'Een plek in de Veiligheidsraad is meespelen in de eredivisie'
Zweden kreeg gisteren een van de twee te verdelen tijdelijke zetels in de Veiligheidsraad van de Verenigde Naties, maar daarmee is de kous nog niet af voor Nederland. Er is namelijk nog een zetel, en die wil de regering delen met Italië. Waarom wil Nederland toch zo graag die zetel bemachtigen?
"Je zit in de eredivisie: je praat op het hoogste niveau mee", zegt voormalig vertegenwoordiger bij de NAVO en de VN, Herman Schaper.
In de Veiligheidsraad zitten vijf permanente leden: China, Frankrijk, Rusland, de Verenigde Staten en het Verenigd Koninkrijk. Die landen hebben vetorecht. "Die kunnen dus een besluit tegenhouden", zegt Schaper. "Maar als er een besluit genomen wordt, moeten er minimaal negen landen mee instemmen."

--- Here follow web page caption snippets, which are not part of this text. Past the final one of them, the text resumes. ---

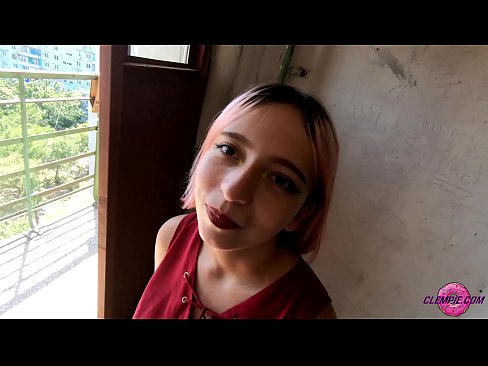 ❤️ Studint Sensual sûget in frjemdling yn 'e bûtenwrâld - Cum op syn gesicht ❤️ Porno by porno fy.taxiklass.ru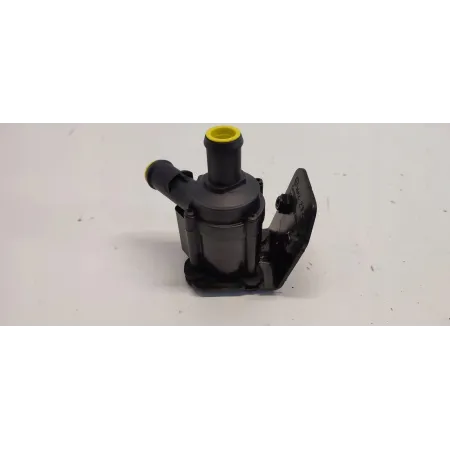 VW TIGUAN II POMPKA WODY 2.0 TDI 5Q0965561B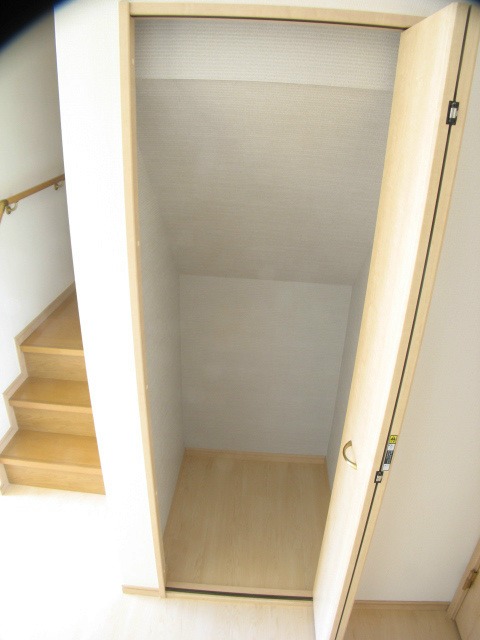 ��ʌ��������܎s��΋摾�c�Q���ڂ̃A�p�[�g�̎��[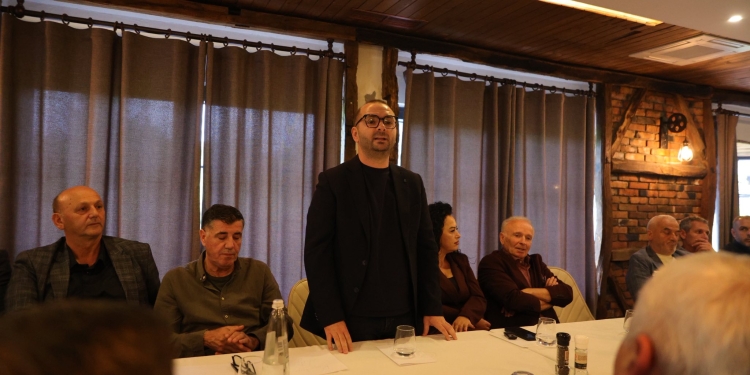 Arbër Ismajli: Mësimdhënësit e Gjilanit janë shtylla e shpresës për ndryshim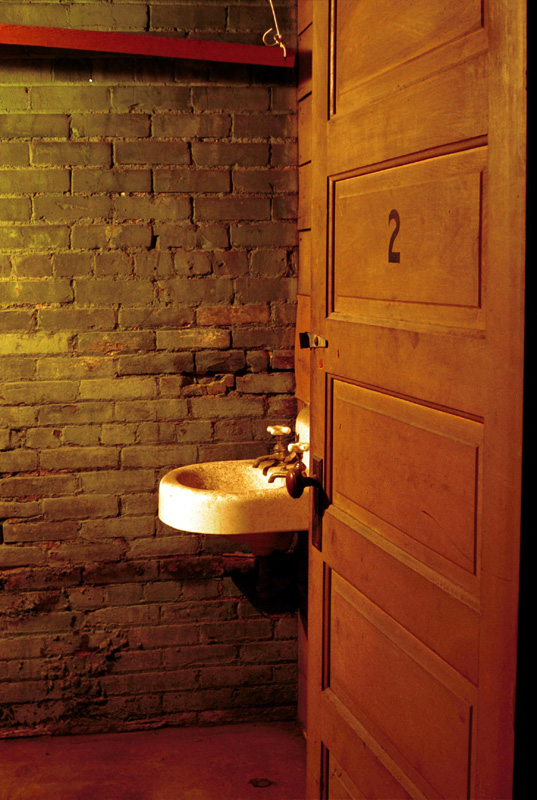 DressingRoom2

Eerder maakten oud-minister van Buitenlandse Zaken Jozias van Aartsen en de huidige minister Koenders al duidelijk wat het belang is van een zetel in de Veiligheidsraad.
En daar zit de crux van het verhaal, zegt Schaper. "Zelfs als de vijf permanente leden het eens zijn, hebben ze nog vier landen nodig. Dus voortdurend moet er bij stemmingen gekeken worden naar wat de niet-permanente leden ervan vinden."
Omdat Nederland veel kleiner is dan de permanente leden en er maar tijdelijk zit, is de invloed minder. "Maar niet-permanente leden tellen zeker mee. Voor een meerderheid zullen Parijs, Londen, Washington, Moskou en Peking hun oor te luisteren moeten leggen bij de Nederlanders."
Daardoor kan Nederland duidelijk maken wat het wil, zegt Schaper. "Je kunt je eigen verhaal houden en daarbij ook invloed uitoefenen. Niet alleen als iemand die wat mag zeggen, maar vooral doordat je mag meestemmen."